▸ Brief
Could you give the listing again exactly, without its pictures?
Start of Material shown
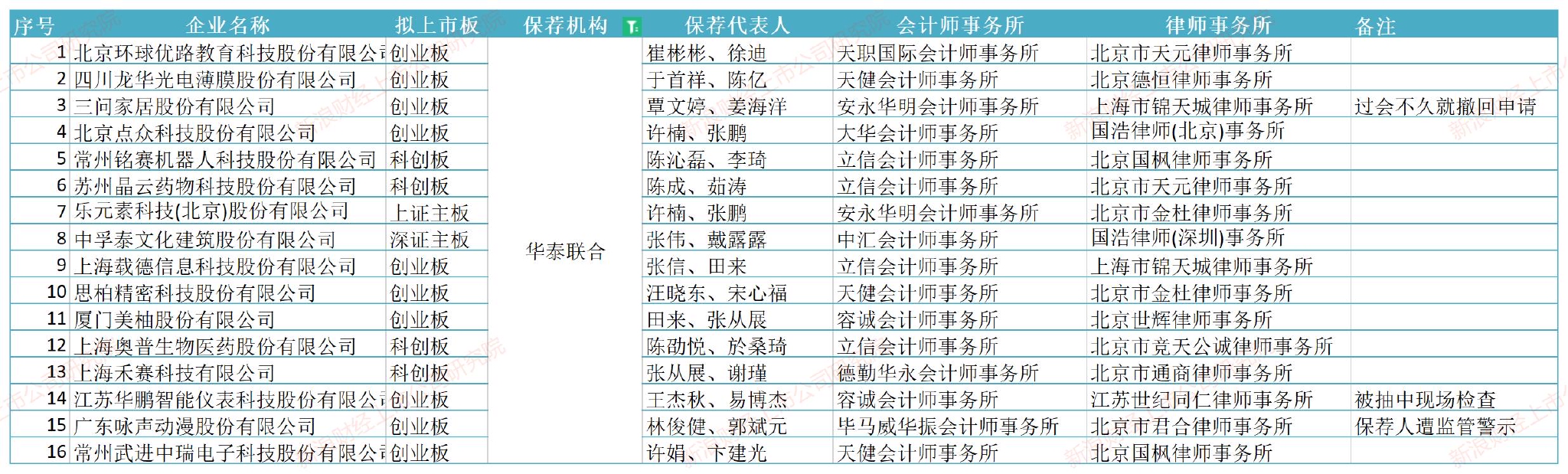 注:16家撤回申请的项目 来源:wind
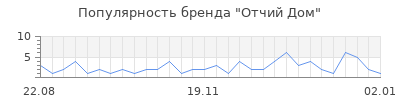 Популярность отчий дом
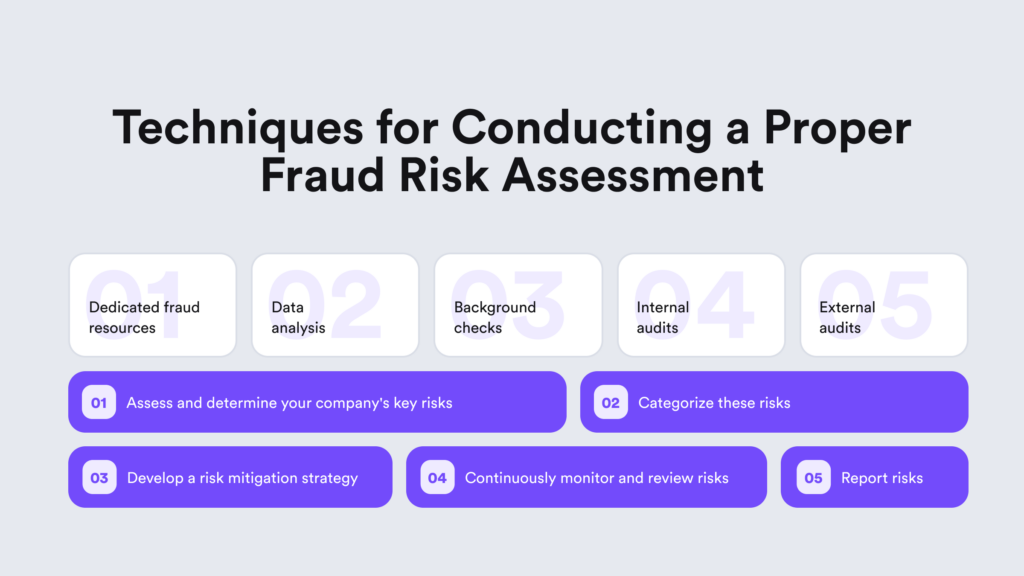 Infographic listing techniques for conducting a proper risk assessment during KYC 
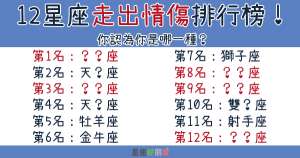 「要我怎麼輕易忘？！」12星座走出情傷排行榜！你認為你是哪一種？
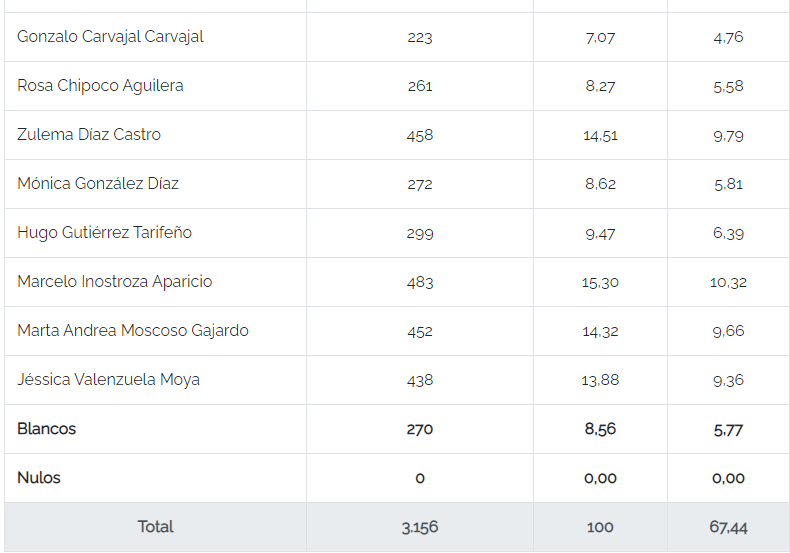 resultado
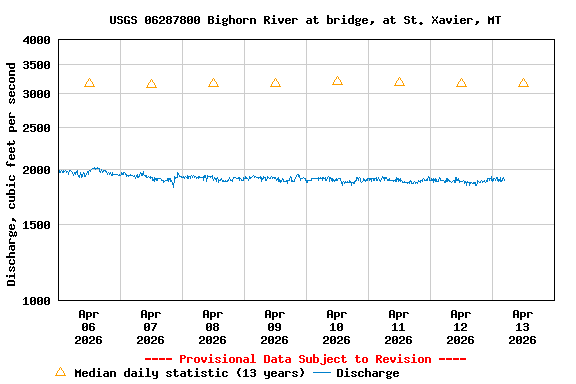 Graph of  Discharge, cubic feet per second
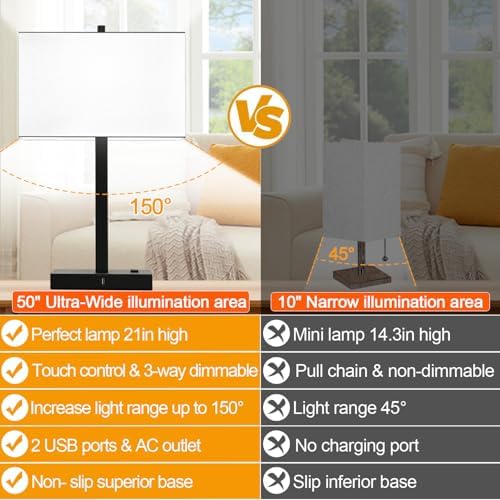 Lynnoland 21" Set of 2 Table lamp with USB A+C & AC Outlets, Touch Control 3-Way Dimmable Nightstand Lamps for Bedroom Living Room Office Reading, White Shade Touch Lamps, 5000K LED Bulbs Included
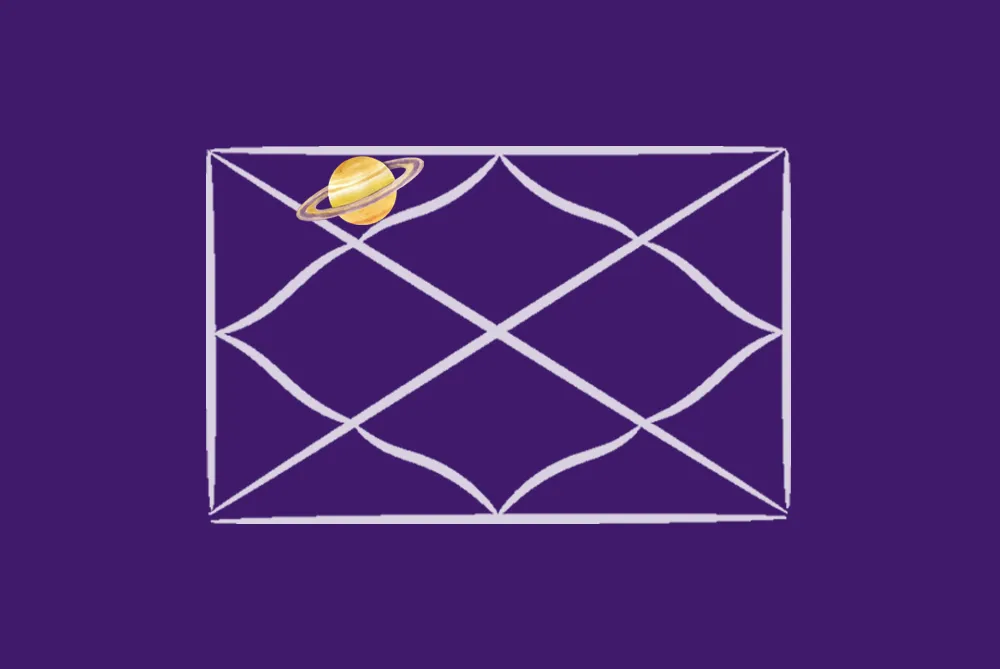Saturn in the 2nd House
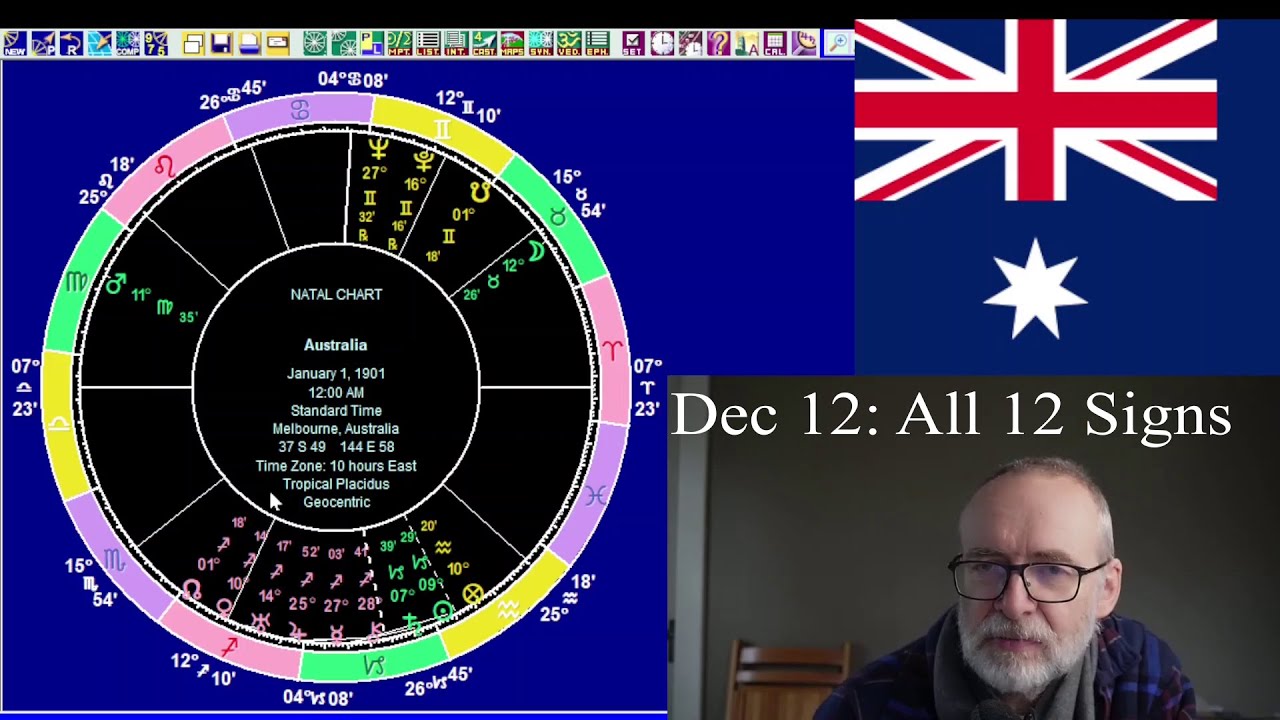 Fri Dec 12 2025: Astrology ALL 12 SIGNS, Australia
End of Material shown
▸ Answer box
 注:16家撤回申请的项目 来源:wind
 Популярность отчий дом
 Infographic listing techniques for conducting a proper risk assessment during KYC 
 「要我怎麼輕易忘？！」12星座走出情傷排行榜！你認為你是哪一種？
 resultado
 Graph of  Discharge, cubic feet per second
 Lynnoland 21" Set of 2 Table lamp with USB A+C & AC Outlets, Touch Control 3-Way Dimmable Nightstand Lamps for Bedroom Living Room Office Reading, White Shade Touch Lamps, 5000K LED Bulbs Included
Saturn in the 2nd House
 Fri Dec 12 2025: Astrology ALL 12 SIGNS, Australia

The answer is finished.